From the Shared Wisdom of Our Community

  • Meditators suggested these types of actions can be from growing up in a dysfunctional family and developing the need to stay safe. By connecting the dots, one looks ahead and connects everything together. The key is to stay in in the present.

  • Someone said “I can only do what is in front of me”. This is a good affirmation to post on my mirrors and walls.


Participants’ Reflections:

  • My mind was racing throughout this reading. I remember distinctly when we’ve talked about connecting the dots. It’s been my life. I was a professional researcher and when I’m writing, I always prefer taking more notes to master the material instead of carpe diem, seize the day, and living in the moment. I think I have my assignment going forward.

  • Thank you. That was a volume of things to think about. I had many visuals during the meditation. Instead of focusing on the dots which represent events, we can look at the space between the dots. That’s where we can breathe and get the ego out of the way. I thought about the printed letter “i” with a dot on it which is the ego. I thought of each dot, each event, as a tiny clump of fertilizer. If we let an event drop down and be a fertilizer, then if we connect the dots and force them into a circle, it becomes a circle of life. And each one of those events will be the fertile ground for deeper understanding of how events do or don’t connect. We can choose how we connect them or we can force them into a circle of life that is made up of all the arcs of life. When we do that, we’re only looking at those events that have fertilized our lives, be they happy or sad ones. But we’ve got the ego out of the way so that it can help us realize that it all contributes to our growth. It’s all fertilizing the circle of life, which is each one of us. This group has been so much a fertilizer. The probability of any one thing happening in the exact pattern is probably zero. Events will change, this group will change. But whatever it changes into is also going to be a fertilizer for our lives and it will be part of the circle of who we are.
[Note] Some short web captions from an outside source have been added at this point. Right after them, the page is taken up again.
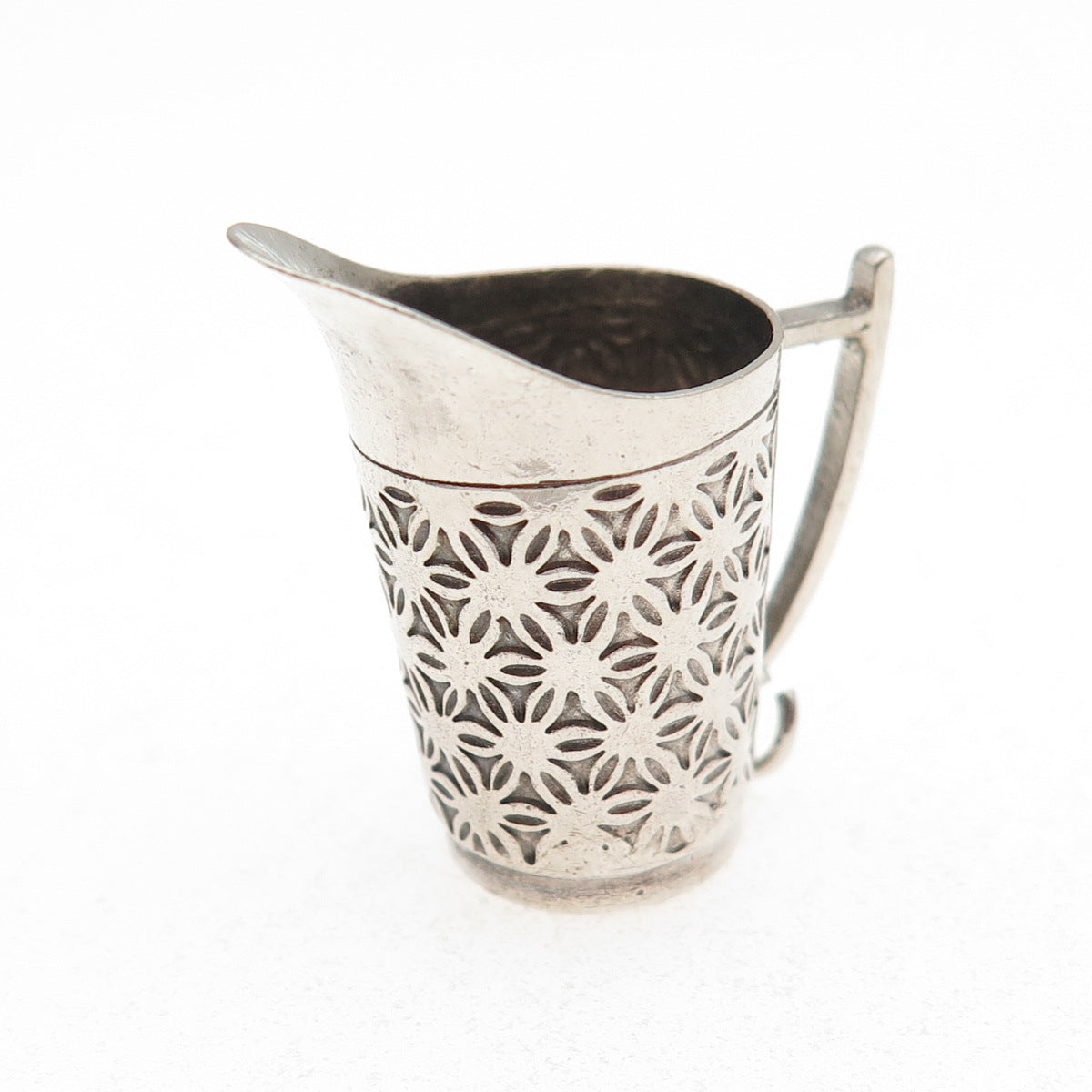 925 Sterling Silver Antique China Pitcher Oxidized 3D Mini Charm Pendant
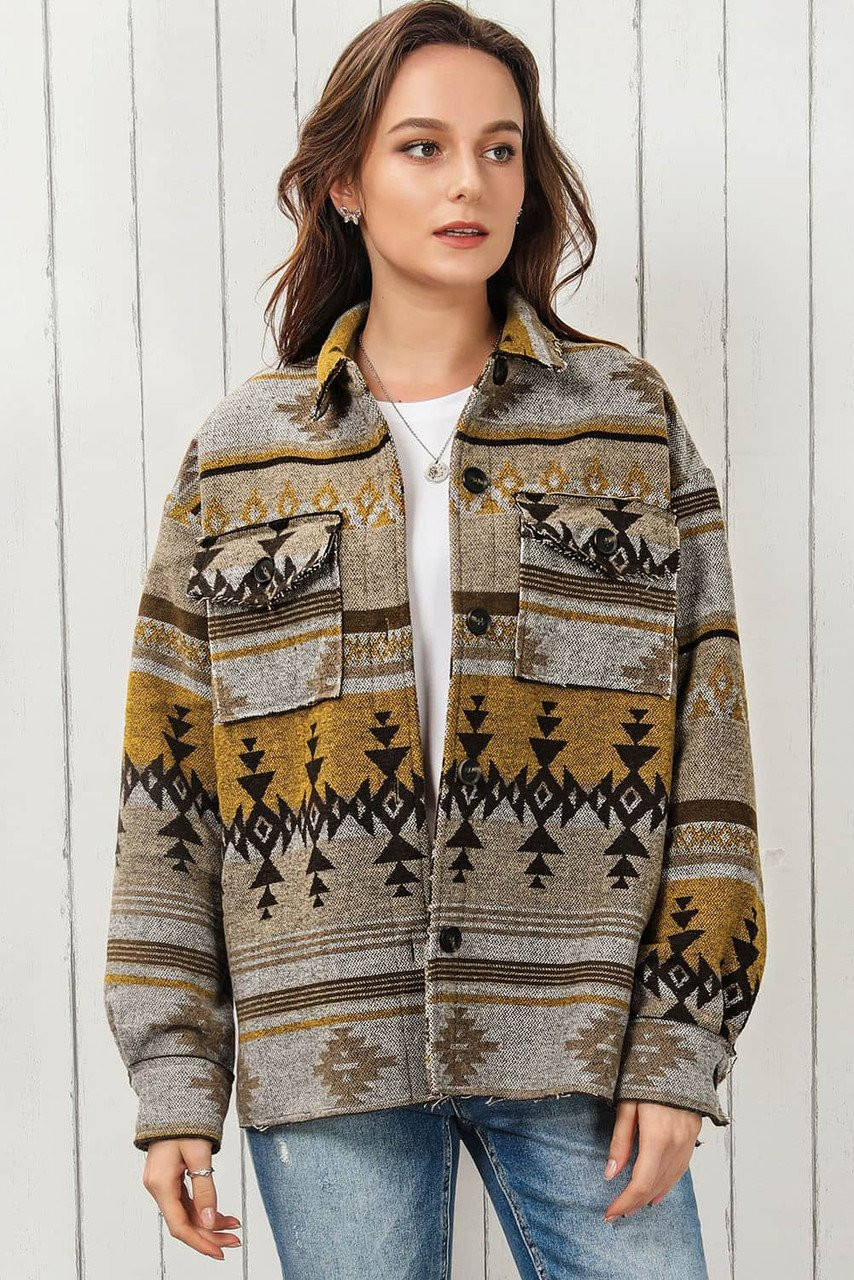 Brown Western Aztec Print Jacket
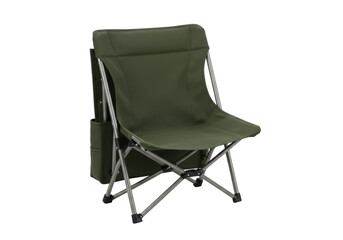 Isolated Foldable Camping Chair in Olive Green Canvas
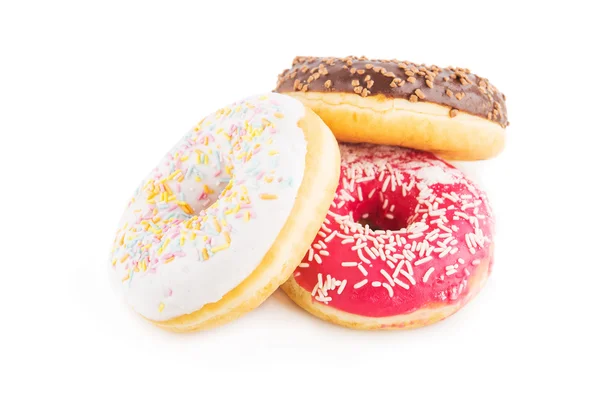 Gros plan de savoureux donuts isolés — Photo
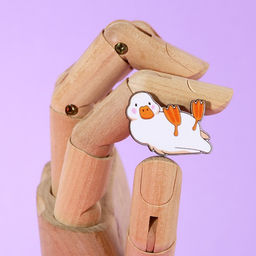 Цена за 2 шт. Значок деревянный Кря, 3.3?2.3 см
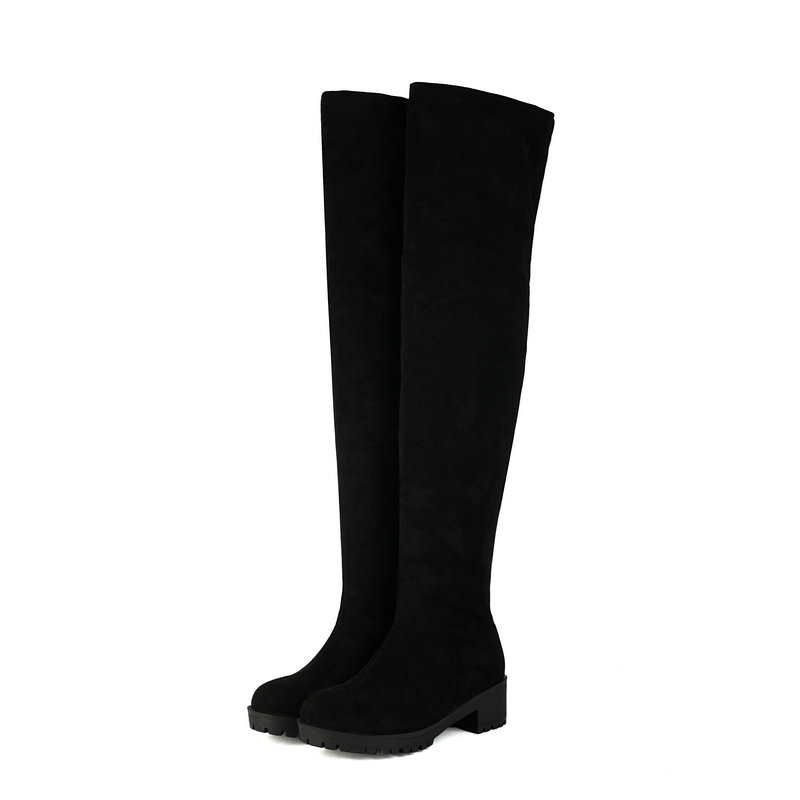 Faux Suede Leather Flock Slip- - огляд і ціна Sock Boot Women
    • Thea says: So beautiful. Thank you. I appreciate what you said. It reminds me of the idea of the pearls. Looking for the fertilizer, looking for the pearls. That’s a whole reflection right there.

  • Thank you one and all for everything I’ve heard this morning. My first thought with the dots was to pull out whatever dot I’m in and look at it from a higher perspective what that dot can expand into in a bigger picture. Yesterday, I had some interactions at church that left me feeling some judgments and confusion. As I walked away, I had a choice between two paths. I opted for the less direct path, thinking I was doing it for avoidance. But I met up the church gardener and wound up helping him support some calla lilies. He carries this phenomenal cheerfulness. It was a pure gift to me to encounter him. My bigger perspective from that experience is love is bigger than any one event or moment.

    • Thea says: And when we open ourselves up to expectancy and are centered and place ourselves one foot in front of the other, we can do tremendous service. Thank you for that.

  • I’m reminded of a type of artwork called pointillism. Seurat made paintings with points of paint and light. All the points connect, and when you step back, you see a wonderful image. But it’s just dots.

  • Thank you so much for being here today. Thank you for exploring connecting the dots with me. I hope you spend your day not connecting the dots but being present in your life, present in the moment, present with your Higher Self, present in your breath, present in your expectancy. And use whatever tools you have and become aware of the tools you use in order to keep yourself in the present and not your wild what-ifs and craziness of your story. Thank you so much for being here today. I hope you all have a gentle and blessed day.